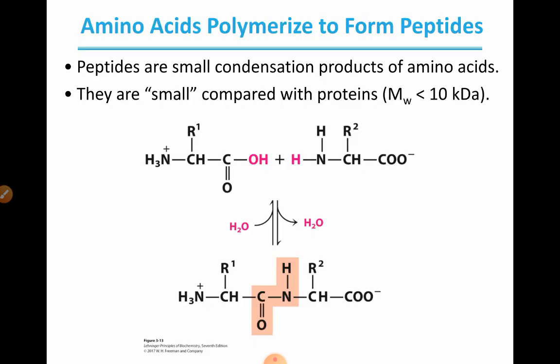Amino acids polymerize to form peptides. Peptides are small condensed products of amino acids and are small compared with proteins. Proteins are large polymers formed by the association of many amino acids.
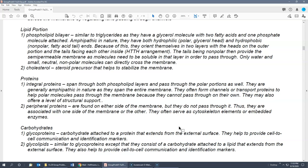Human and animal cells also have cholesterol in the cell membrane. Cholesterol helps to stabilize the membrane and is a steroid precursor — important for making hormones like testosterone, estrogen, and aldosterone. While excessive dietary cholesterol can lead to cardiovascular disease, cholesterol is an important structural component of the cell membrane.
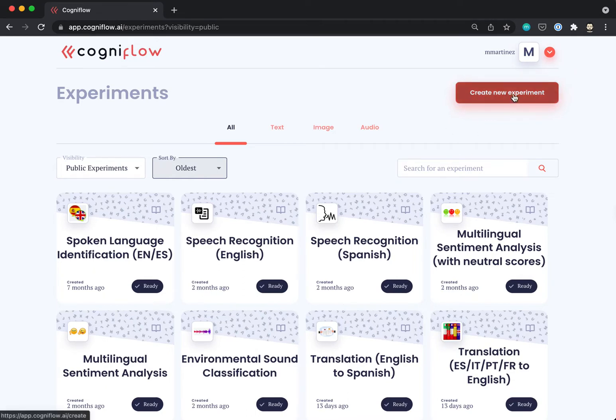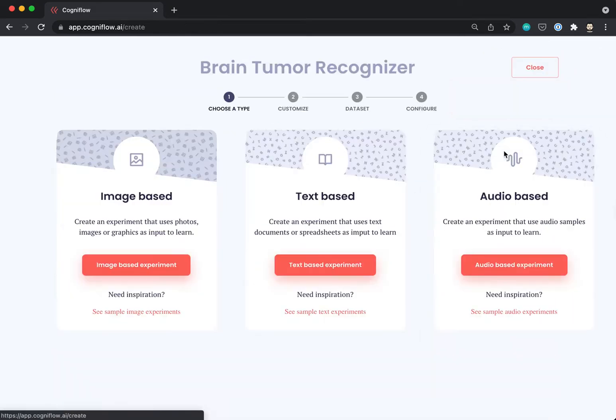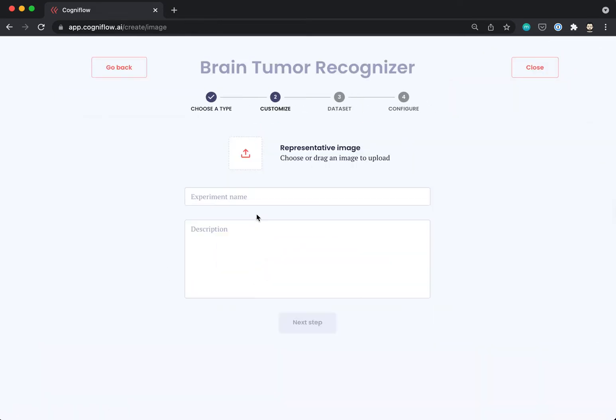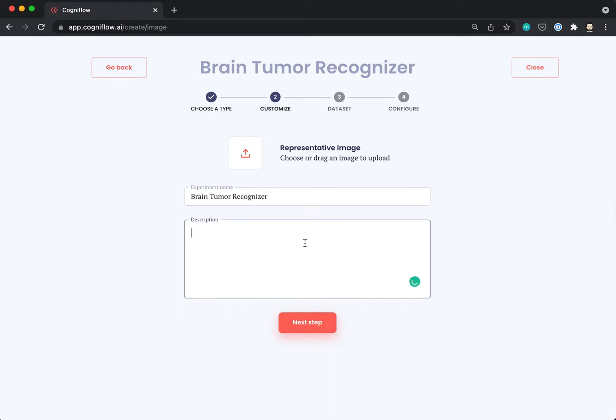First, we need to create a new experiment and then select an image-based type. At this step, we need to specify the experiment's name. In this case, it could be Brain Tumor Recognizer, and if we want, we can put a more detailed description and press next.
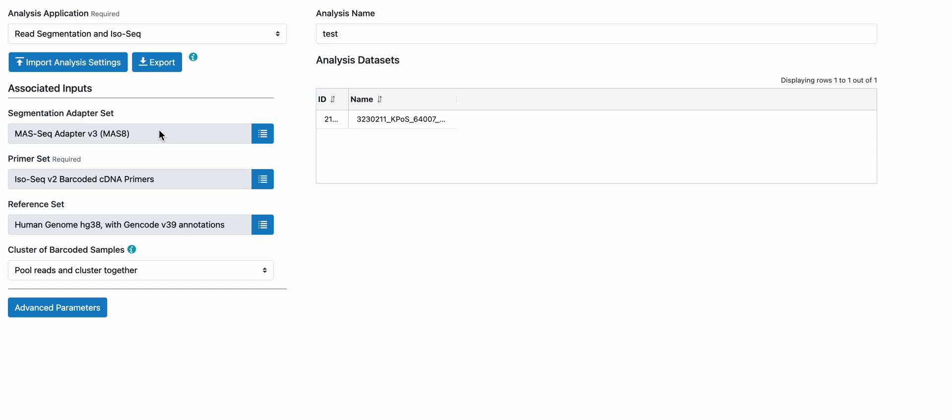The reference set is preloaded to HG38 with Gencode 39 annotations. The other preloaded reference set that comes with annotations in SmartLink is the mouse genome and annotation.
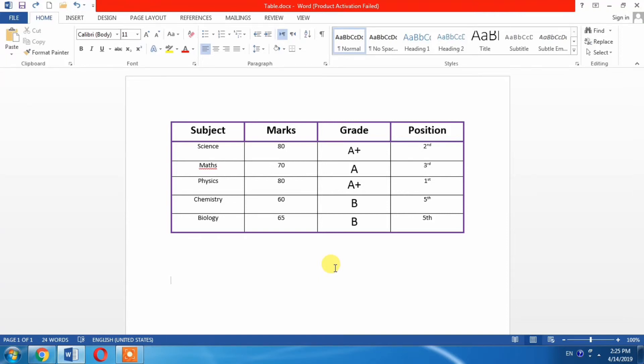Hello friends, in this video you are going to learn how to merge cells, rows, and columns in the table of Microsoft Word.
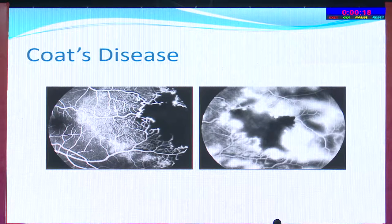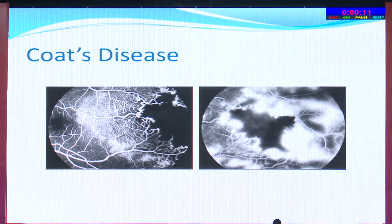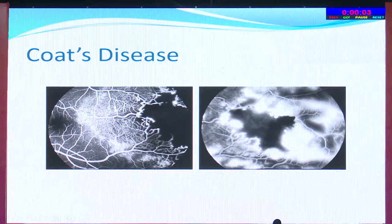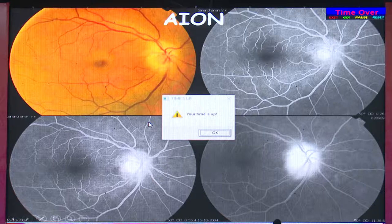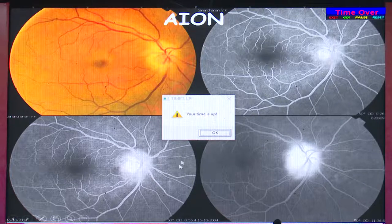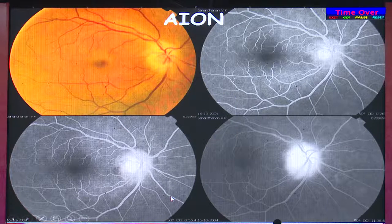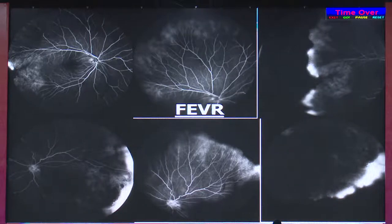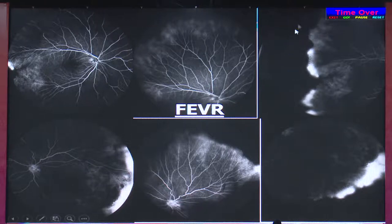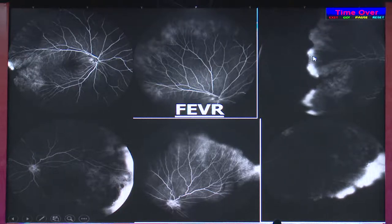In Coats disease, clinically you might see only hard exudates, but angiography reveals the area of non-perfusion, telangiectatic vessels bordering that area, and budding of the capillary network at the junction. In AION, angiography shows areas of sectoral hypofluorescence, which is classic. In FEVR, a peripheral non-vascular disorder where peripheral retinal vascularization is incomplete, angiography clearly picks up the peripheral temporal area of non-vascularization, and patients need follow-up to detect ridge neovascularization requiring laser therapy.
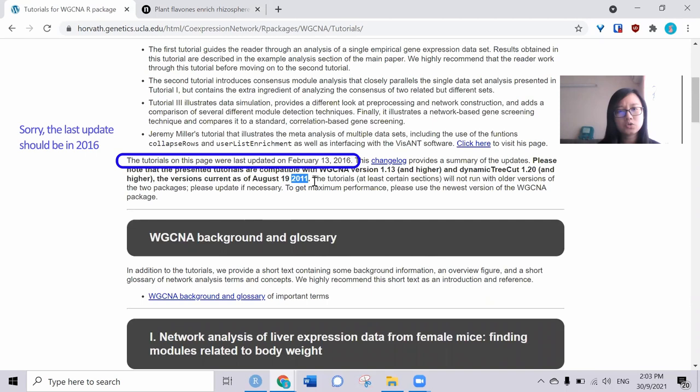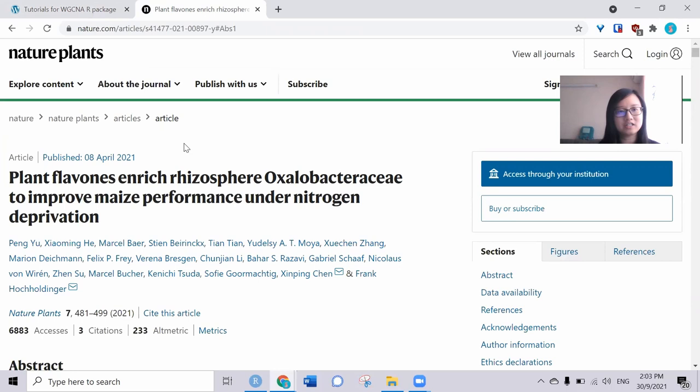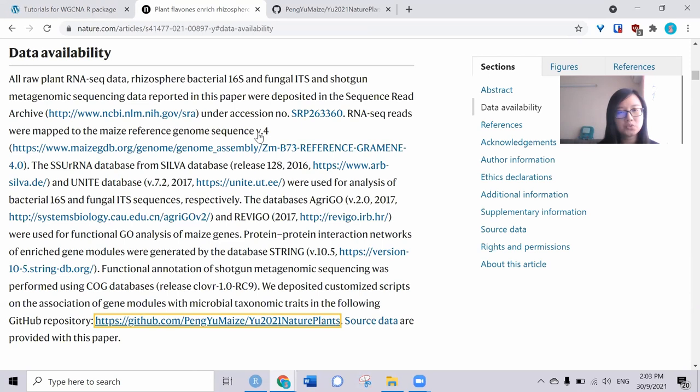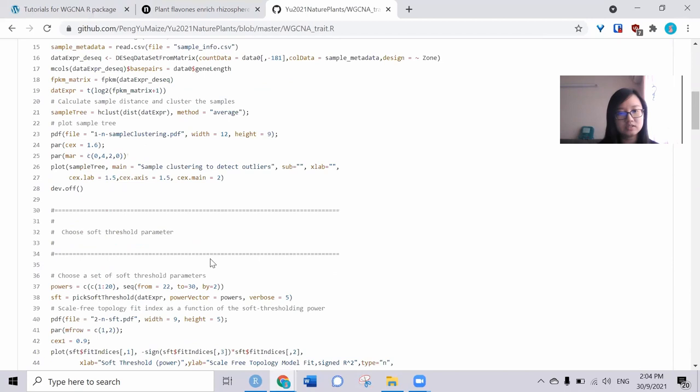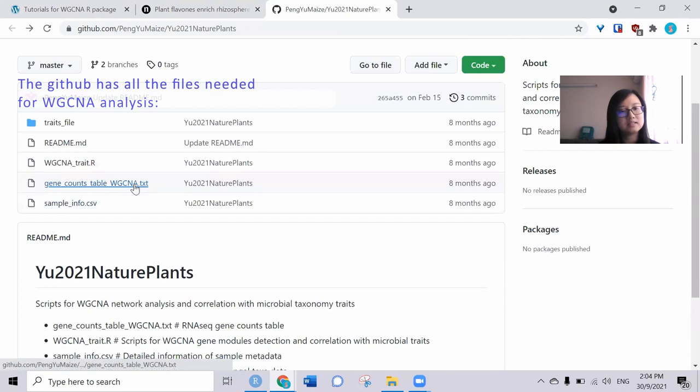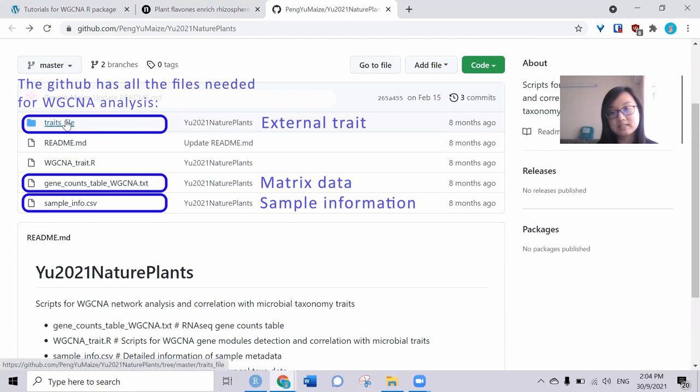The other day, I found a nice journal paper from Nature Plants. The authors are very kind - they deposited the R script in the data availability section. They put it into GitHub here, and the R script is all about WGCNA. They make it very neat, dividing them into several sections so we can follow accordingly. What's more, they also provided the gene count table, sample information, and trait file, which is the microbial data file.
::::
Exercise goal —
Exact copy, no pictures: reproduce the whole listing above.

Exercise solution —
Amino acids polymerize to form peptides. Peptides are small condensed products of amino acids and are small compared with proteins. Proteins are large polymers formed by the association of many amino acids.
Human and animal cells also have cholesterol in the cell membrane. Cholesterol helps to stabilize the membrane and is a steroid precursor — important for making hormones like testosterone, estrogen, and aldosterone. While excessive dietary cholesterol can lead to cardiovascular disease, cholesterol is an important structural component of the cell membrane.
First, we need to create a new experiment and then select an image-based type. At this step, we need to specify the experiment's name. In this case, it could be Brain Tumor Recognizer, and if we want, we can put a more detailed description and press next.
The reference set is preloaded to HG38 with Gencode 39 annotations. The other preloaded reference set that comes with annotations in SmartLink is the mouse genome and annotation.
Hello friends, in this video you are going to learn how to merge cells, rows, and columns in the table of Microsoft Word.
In Coats disease, clinically you might see only hard exudates, but angiography reveals the area of non-perfusion, telangiectatic vessels bordering that area, and budding of the capillary network at the junction. In AION, angiography shows areas of sectoral hypofluorescence, which is classic. In FEVR, a peripheral non-vascular disorder where peripheral retinal vascularization is incomplete, angiography clearly picks up the peripheral temporal area of non-vascularization, and patients need follow-up to detect ridge neovascularization requiring laser therapy.
The other day, I found a nice journal paper from Nature Plants. The authors are very kind - they deposited the R script in the data availability section. They put it into GitHub here, and the R script is all about WGCNA. They make it very neat, dividing them into several sections so we can follow accordingly. What's more, they also provided the gene count table, sample information, and trait file, which is the microbial data file.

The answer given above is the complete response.